Sayadaw U Tejaniya emphasizes that the right attitude is crucial, especially in meditation, as it determines the quality and effectiveness of the practice. For him, the "right attitude" essentially refers to wise attention or proper consideration (often translated from the Pali term yoniso manasikāra).

​The core elements of the right attitude, particularly in the context of awareness and meditation, include:

  1. Relaxed and Comfortable Awareness: The mind and body should be relaxed, not tense or forcing anything. Awareness should be light and continuous, not strained or too hard.
  2. Non-Greed/Non-Aversion/No Delusion: The right attitude is fundamentally free of the three unwholesome roots:
    • No Greed: Don't try to create anything, want any specific experience, or have expectations about what should happen.
    • No Aversion: Don't try to reject or stop what is happening (even unpleasant or unwanted things like thinking, pain, or dullness). Don't be anxious or disturbed.
    • No Delusion: Simply know what is happening as it is without getting lost in the experience or not knowing if it's there or gone.
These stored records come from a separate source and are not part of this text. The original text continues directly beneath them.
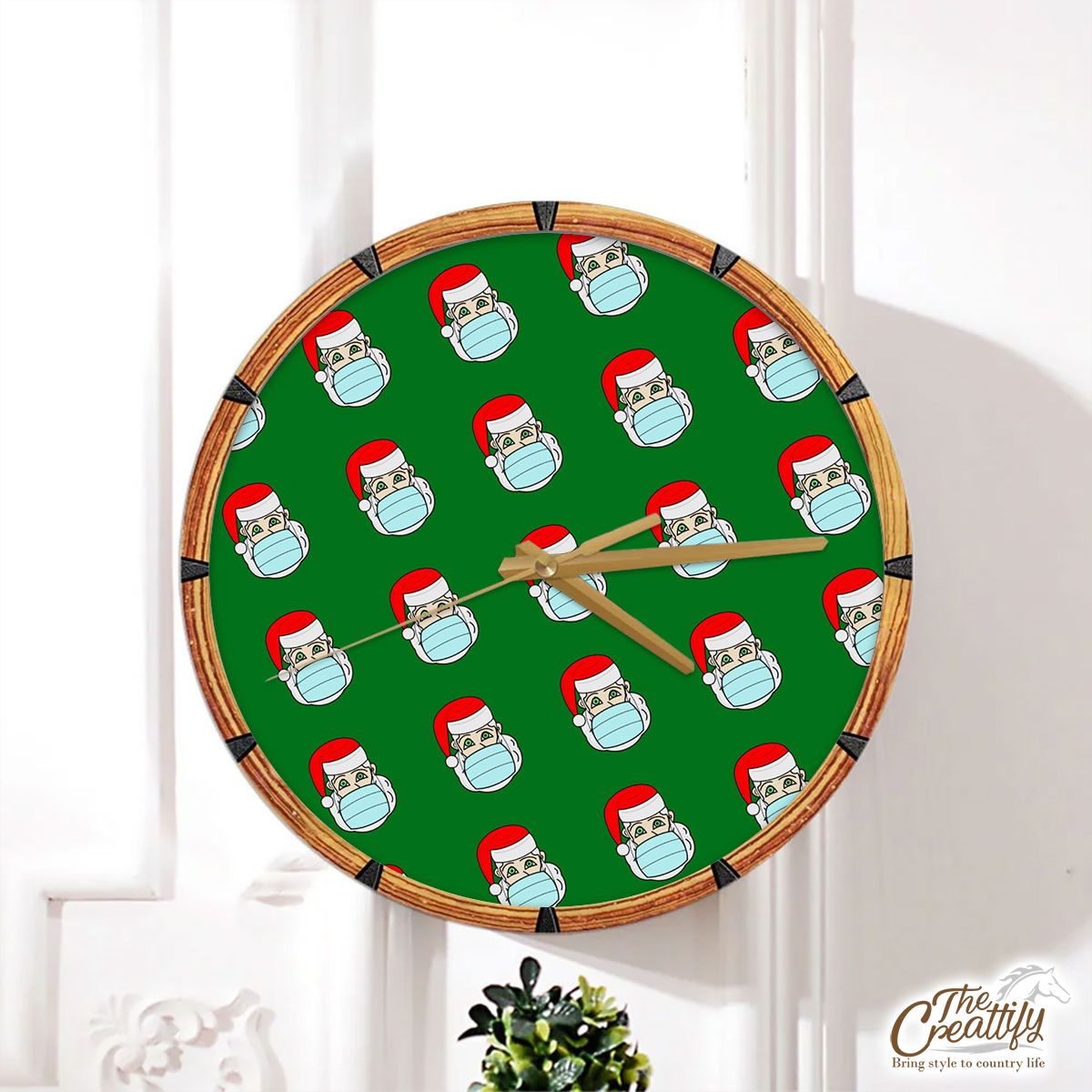 Santa Claus, Christmas Santa, Funny Secret Santa Gifts Wall Clock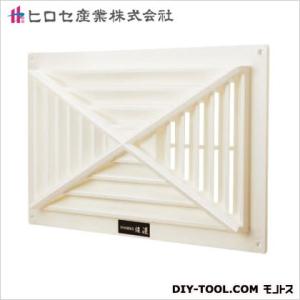ヒロセ産業 軒天換気口 佐渡 小 ホワイト ホワイト 199×349mm 03319147 1点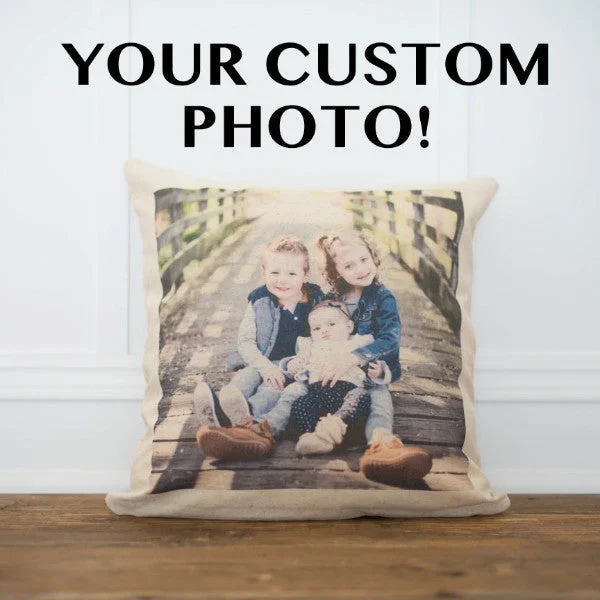 Custom Photo Pillow Cover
3. Observing and Learning: The purpose is to acknowledge and observe whatever arises—pleasant or unpleasant—with patience and understanding, to learn about the nature of mind and objects. You are not trying to make things turn out a certain way, but trying to know what is happening.

4. Accepting All Objects: Any object that comes to attention is the "right object," as long as the observing mind has the right attitude (free from wanting or rejecting). The focus is on the quality of the observing mind (the attitude) rather than the object itself.

5. Perseverance over Forceful Effort: The effort should be one of continuous awareness and patience, rather than intense focusing or concentration that leads to tiredness or tension.

​In short, the right attitude is one of relaxed, non-interfering, continuous awareness that is interested in knowing the true nature of things as they are, without wanting or rejecting.